## Task instructions
An exact copy of every entry below is required, and no picture may appear in it.

## Listed records

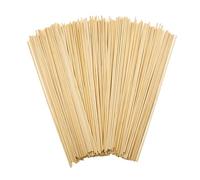 200 Piezas Palitos de Madera Manualidades 300mm x 3mm Palitos de Madera Natural Redondos Palos para Helados para Pinchos de Madera,Brochetas para Barbacoa, Palos de Madera para Grill, Manualidades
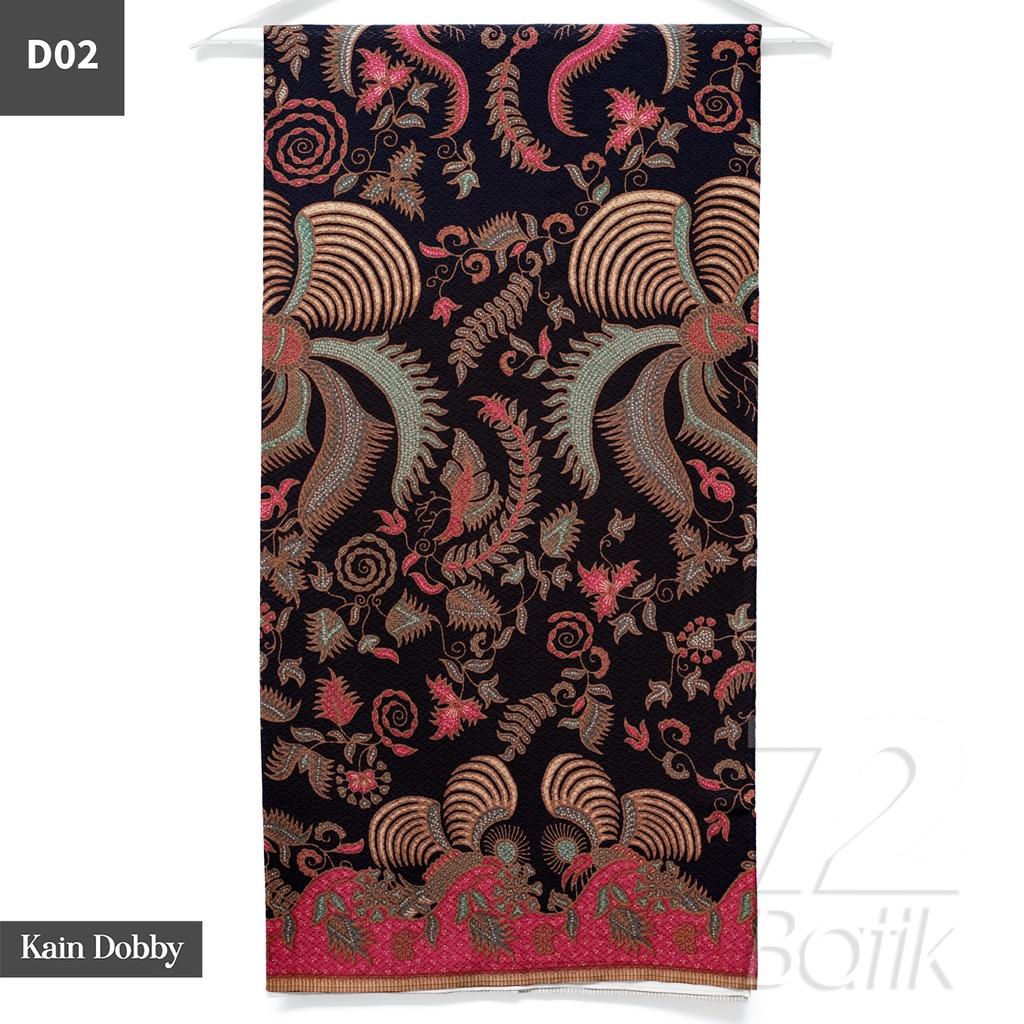 KAIN BATIK PREMIUM Bahan Dobby Motif Burung Yin Warna Hijau Hitam 721701 Cap 72 Jarik Jarit Samping Kebat Panjang Batik Katun Modern Premium Bahan Seragam Batik Pernikahan Kantor Keluarga Murah Kamen Jadi Batik Bali Lembaran
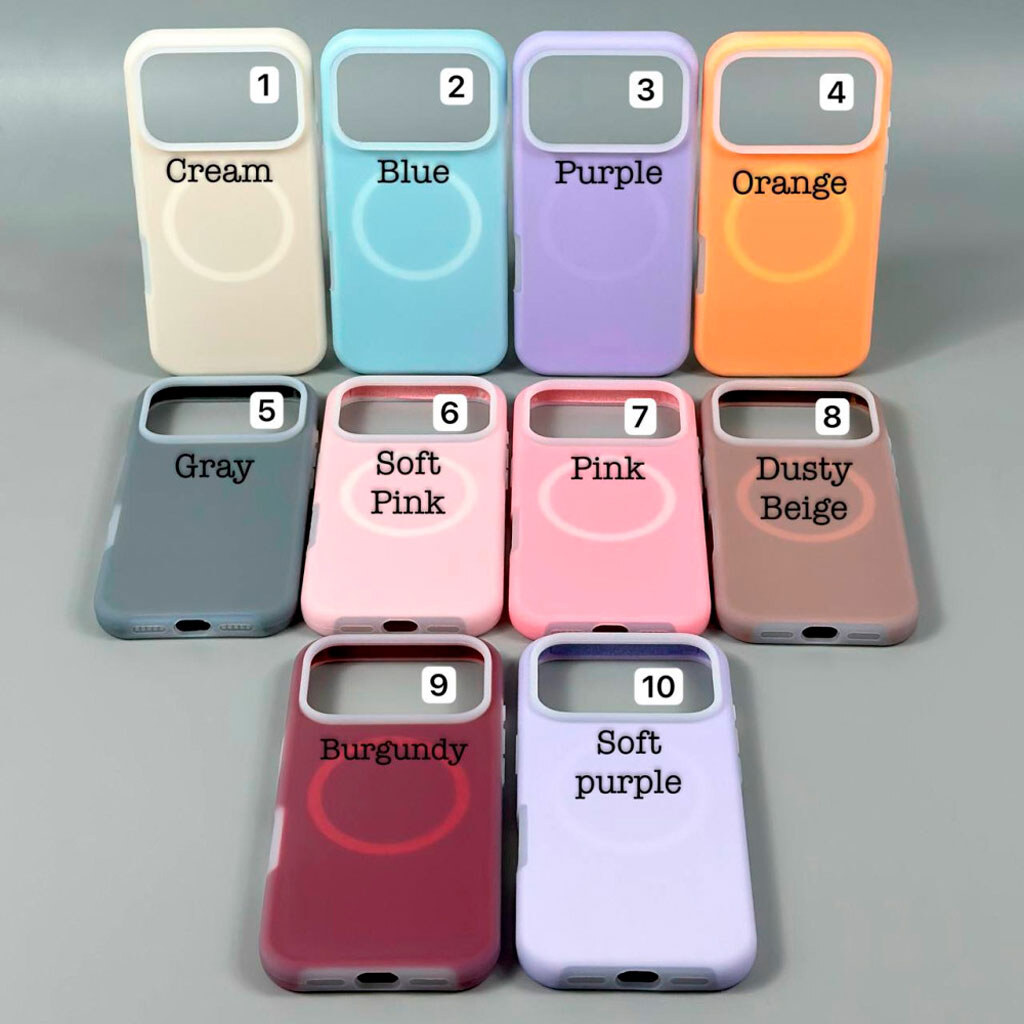 Чохол (накладка) Apple iPhone 17 Pro, Matte Neon Box, Burgundy, MagSafe, Бордовий - № 8 Чохол (накладка) Apple iPhone 17 Pro, Matte Neon Box, Burgundy, MagSafe, Бордовий - № 8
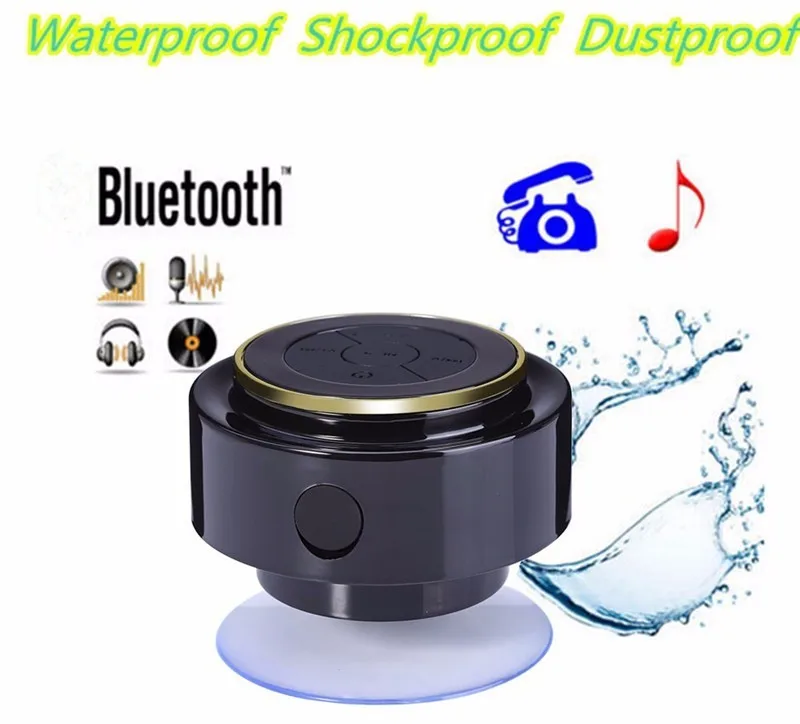 F012 портативный IP67 Водонепроницаемый Bluetooth 3,0 динамик поддержка голосовых вызовов динамик Мини Bluetooth динамик MP3 музыкальный плеер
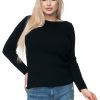 843793 Black Jumper in Sweaters, Pullovers, Jumpers, Turtlenecks, Boleros, Shrugs with Acrylic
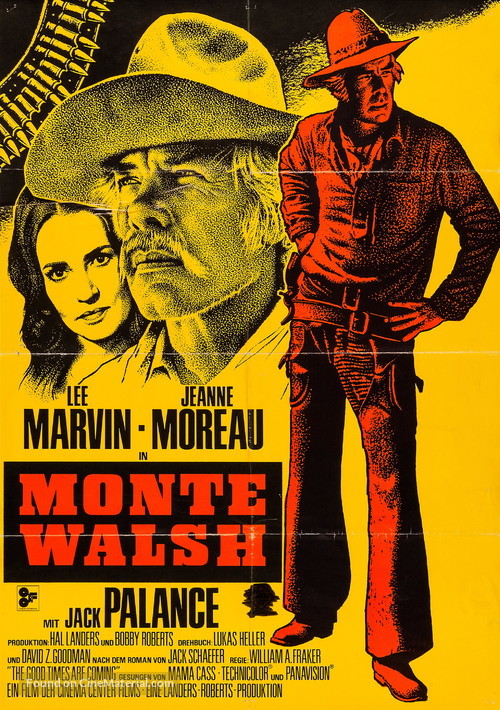 Monte Walsh - German Movie Poster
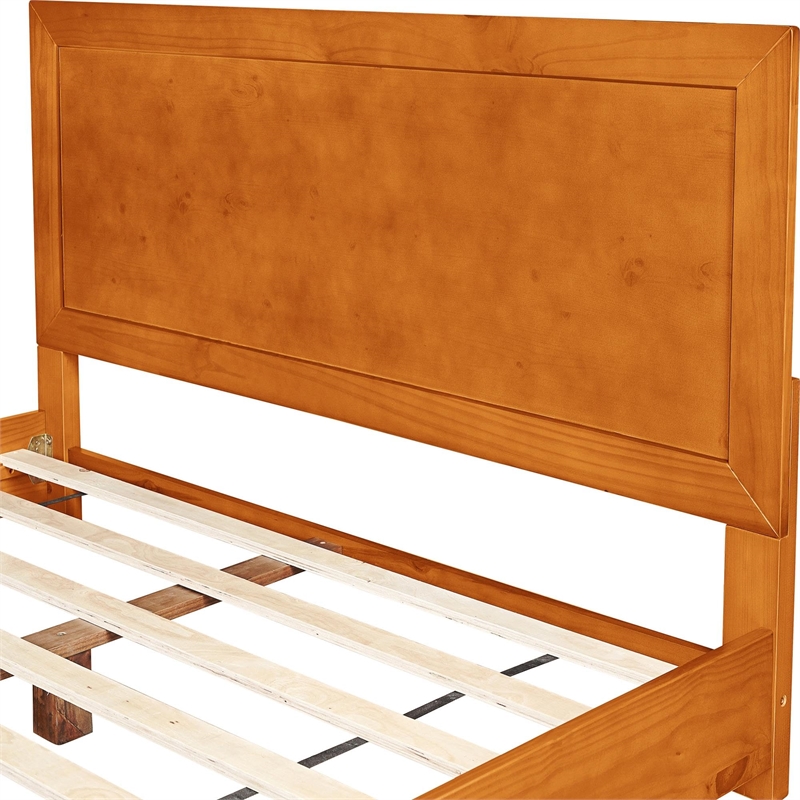 Camden Isle Oxford Wooden Cherry King Bed with Complete Slat System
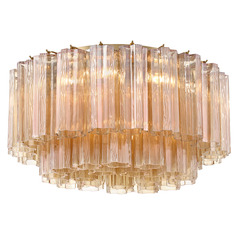 Crystorama Lighting Addis Aged Brass Flushmount Light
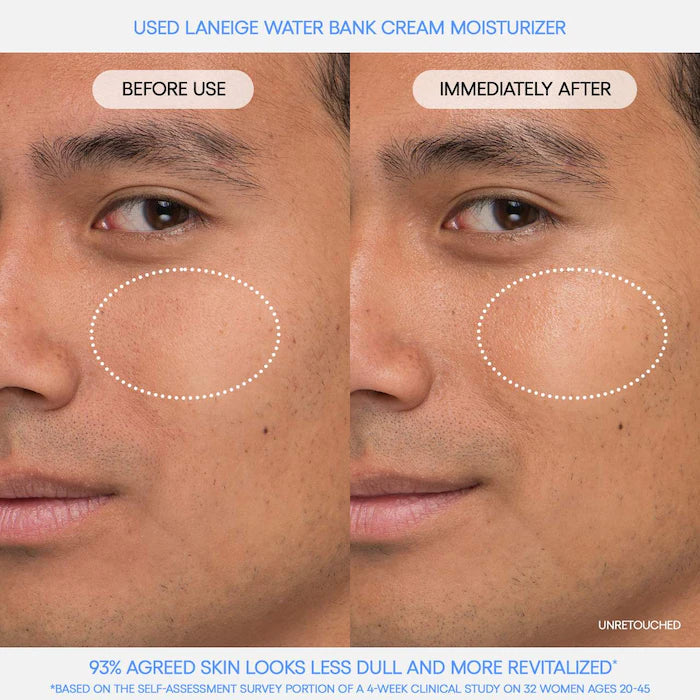 Water Bank Blue Hyaluronic Cream Moisturizer for Moisture Barrier Repair - PREVENTA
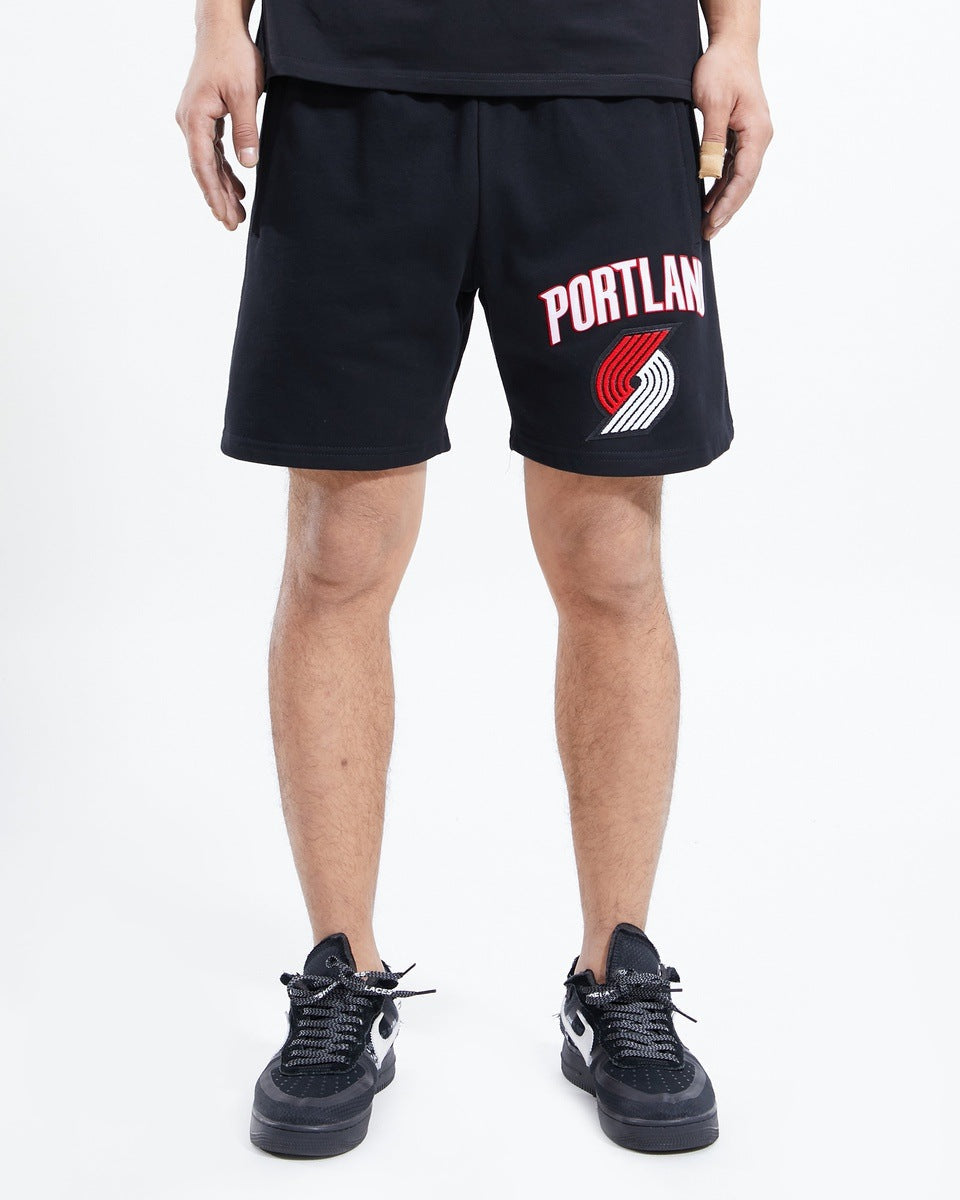 NBA PORTLAND TRAIL BLAZERS CLASSIC MEN'S SHORT (BLACK)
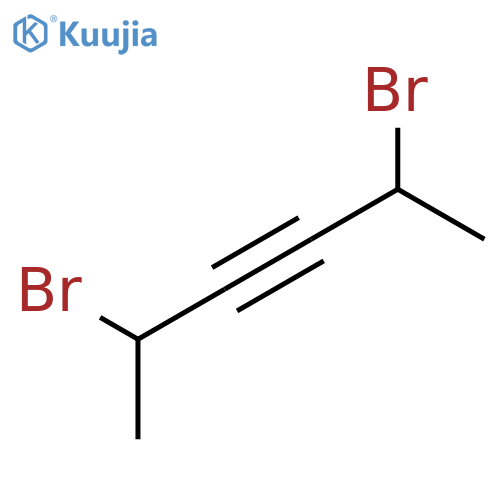 3-HEXYNE, 2,5-DIBROMO- structure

## Task result
 200 Piezas Palitos de Madera Manualidades 300mm x 3mm Palitos de Madera Natural Redondos Palos para Helados para Pinchos de Madera,Brochetas para Barbacoa, Palos de Madera para Grill, Manualidades
 KAIN BATIK PREMIUM Bahan Dobby Motif Burung Yin Warna Hijau Hitam 721701 Cap 72 Jarik Jarit Samping Kebat Panjang Batik Katun Modern Premium Bahan Seragam Batik Pernikahan Kantor Keluarga Murah Kamen Jadi Batik Bali Lembaran
 Чохол (накладка) Apple iPhone 17 Pro, Matte Neon Box, Burgundy, MagSafe, Бордовий - № 8 Чохол (накладка) Apple iPhone 17 Pro, Matte Neon Box, Burgundy, MagSafe, Бордовий - № 8
 F012 портативный IP67 Водонепроницаемый Bluetooth 3,0 динамик поддержка голосовых вызовов динамик Мини Bluetooth динамик MP3 музыкальный плеер
 843793 Black Jumper in Sweaters, Pullovers, Jumpers, Turtlenecks, Boleros, Shrugs with Acrylic
 Monte Walsh - German Movie Poster
 Camden Isle Oxford Wooden Cherry King Bed with Complete Slat System
 Crystorama Lighting Addis Aged Brass Flushmount Light
 Water Bank Blue Hyaluronic Cream Moisturizer for Moisture Barrier Repair - PREVENTA
 NBA PORTLAND TRAIL BLAZERS CLASSIC MEN'S SHORT (BLACK)
 3-HEXYNE, 2,5-DIBROMO- structure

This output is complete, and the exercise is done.